14 julho 2015

eu se calhar ando a ver demasiados filmes...

Se calhar ando a ver demasiados filmes, mas estou em crer que desta vez não é alucinação.

No passeio matinal com o Fox, cruzei-me com três homens que não me chamaram a atenção (o que mais há por aqui é grupos de homens na rua, e além disso não olho para homens na rua) (quer dizer, tem dias, mas têm de valer a pena, o que não era o caso) mas acabei por reparar neles pela maneira como se comportavam. Dois iam à frente. Um deles, o que tinha cabelo comprido aos caracóis, olhava para as casas, o outro, com carequinha sexy tipo Varoufakis, olhava para os lados, e o que ia atrás, também ccstV, olhava em todas as direcções. Os dois ccstV tinham uns botões estranhos na lapela. Estavam a ser seguidos por um carro tipo grande preto, conduzido lentamente por um gajo que ia a falar para - juro que vi com estes que a terra hade comer ("hade" ou "háde"? lá tenho eu de ir consultar outra vez o acordo ortográfico) - como ia dizendo, eram seguidos por um carro conduzido por um homem que ia a falar para a sua caneta.

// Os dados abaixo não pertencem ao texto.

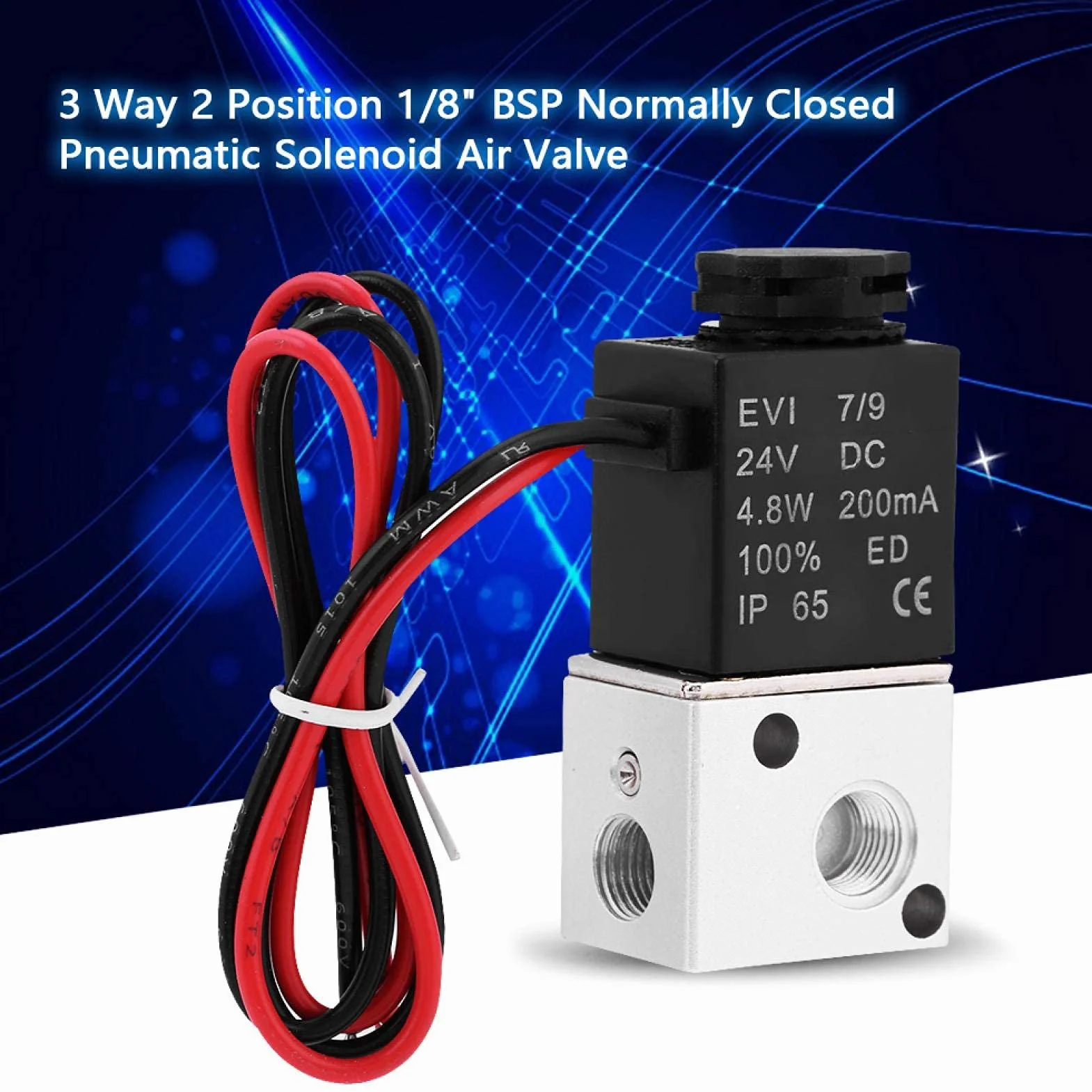 Elektrozawka powietrza, 1/8" 3V1-06 DC 12V/24V 3-drożny 2-pozycyjny BSP normalnie zamknięty elektryczny zawór powietrzny (DC24V)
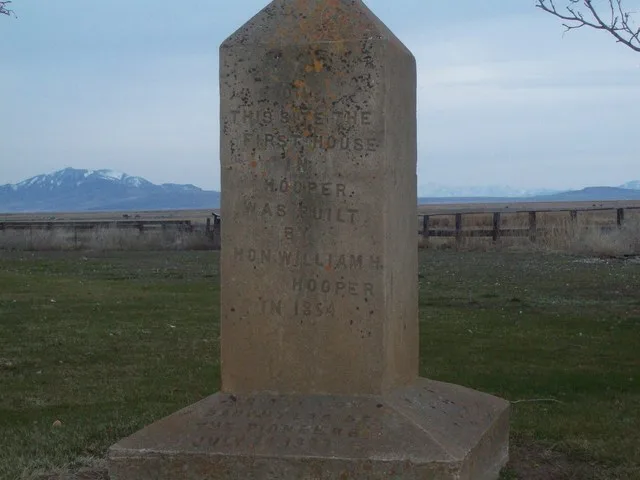 A monument at the site of the first house built in Hooper, Utah (1854), March 2010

O Fox parou, para ler atentamente um jornal qualquer numa esquina, e eu parei também, olhando para o quadro para tentar perceber porque é que o dos caracóis parou a olhar atentamente para a casa de pessoas que conheço, e também para poder contar aqui. O ccstV olhou para mim com ar ameaçador. Quase lhe ia fazendo uma cara tipo "isto é um país livre e posso olhar para onde me apetecer" mas depois lembrei-me daquele pai benfiquista em Guimarães que também achava que estava num país livre e podia dar água ao filho onde lhe apetecesse, e apontei na direcção do Fox, que continuava a ler o jornal, chamei-o, e apressei-me para longe dali.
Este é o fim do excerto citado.